Até aí parece tudo muito simples, sem margem para manobras — mas ela existe. Como exemplo, em um dia ensolarado a pista pode estar mais quente que em outro dia de mesma temperatura, mas nublado. Pista mais quente aquece mais os pneus, o que eleva sua pressão interna e reduz a resistência ao rolamento. Além disso, há um peso-padrão para o teste que deve ser adicionado ao veículo para simular motorista e passageiro — cada órgão ou país exige o seu, em geral perto de 150 kg. Mas não se define onde adicionar esse peso: então, por que não colocá-lo no porta-malas, para que a traseira do carro fique mais baixa e com isso melhore o coeficiente aerodinâmico?

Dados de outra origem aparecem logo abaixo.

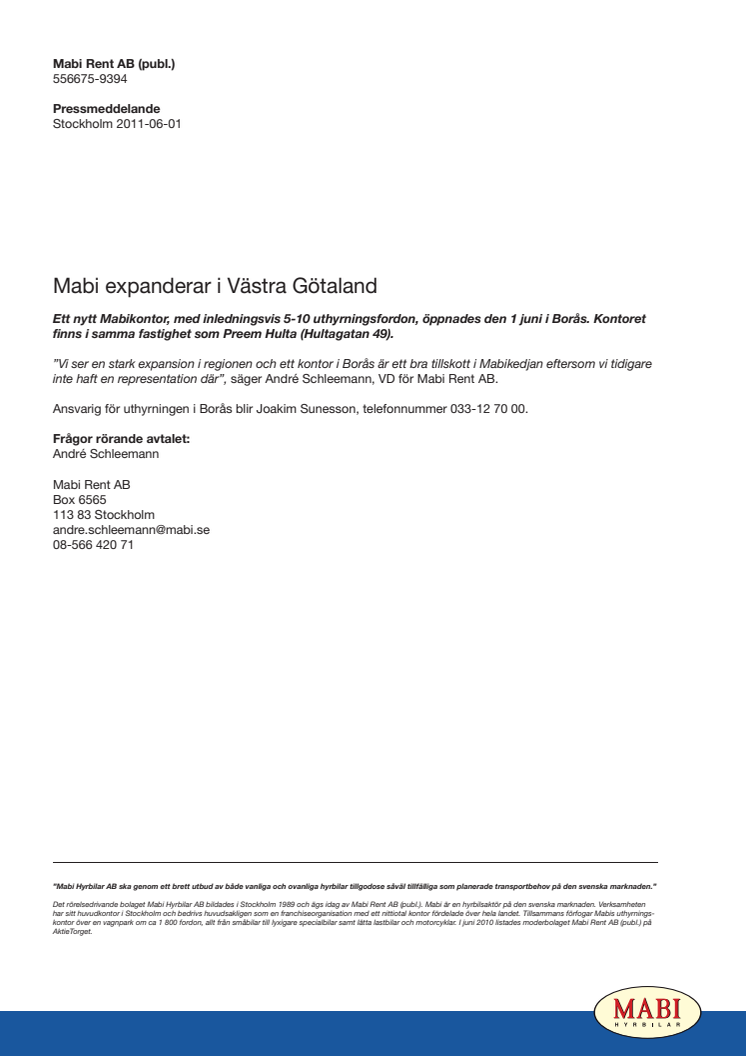 Mabi expanderar i Västra Götaland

Já no teste em si, no dinamômetro, há outros macetes permitidos nas brechas de algumas normas. Ao carregar a bateria do veículo antes do teste, não há consumo de combustível para essa função durante a medição, algo que não se consegue no uso cotidiano — o que abre uma diferença entre os resultados da homologação e do mundo real. O efeito é ainda maior no caso de veículos híbridos com opção de carregar as baterias em tomada elétrica (plug-in), pois começam o ciclo com baterias carregadas e só usando o motor elétrico. Como o ciclo é relativamente curto, o resultado é um consumo brilhante, mas quem usar o carro para trabalhar a 30 km de casa não terá o mesmo índice, ainda que dirija da mesma forma do ciclo.

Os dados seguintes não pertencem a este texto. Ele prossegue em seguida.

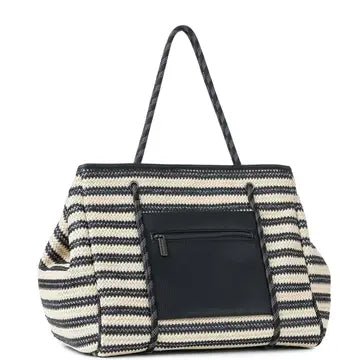 Greyson Striped Raffia Tote - Hello Beautiful Boutique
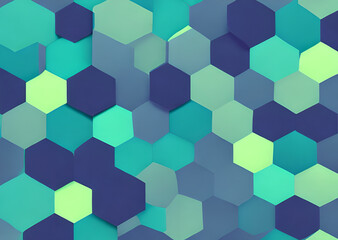 Multicolored patterns with repeating hexagonal mosaics hexagons mosaic background design Modern technology geometric ,Generative AI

A própria maneira com que o motorista dirige no teste influencia muito os resultados. Apesar de haver padrões de velocidade, há como “suavizar” as acelerações e dirigir dentro da tolerância para reduzir consumo e emissões. A manobra é mais efetiva no ciclo NEDC, que impõe mudanças de velocidades e reduções bastante agudas, além de velocidade constantes. Como exemplo, usando a tolerância de 2 km/h para mais ou para menos, o motorista pode continuar a acelerar durante certo tempo a mais, para que o veículo chegue perto da tolerância máxima (2 km/h acima), e depois desacelerar aos poucos, durante a fase de velocidade constante, para economizar combustível.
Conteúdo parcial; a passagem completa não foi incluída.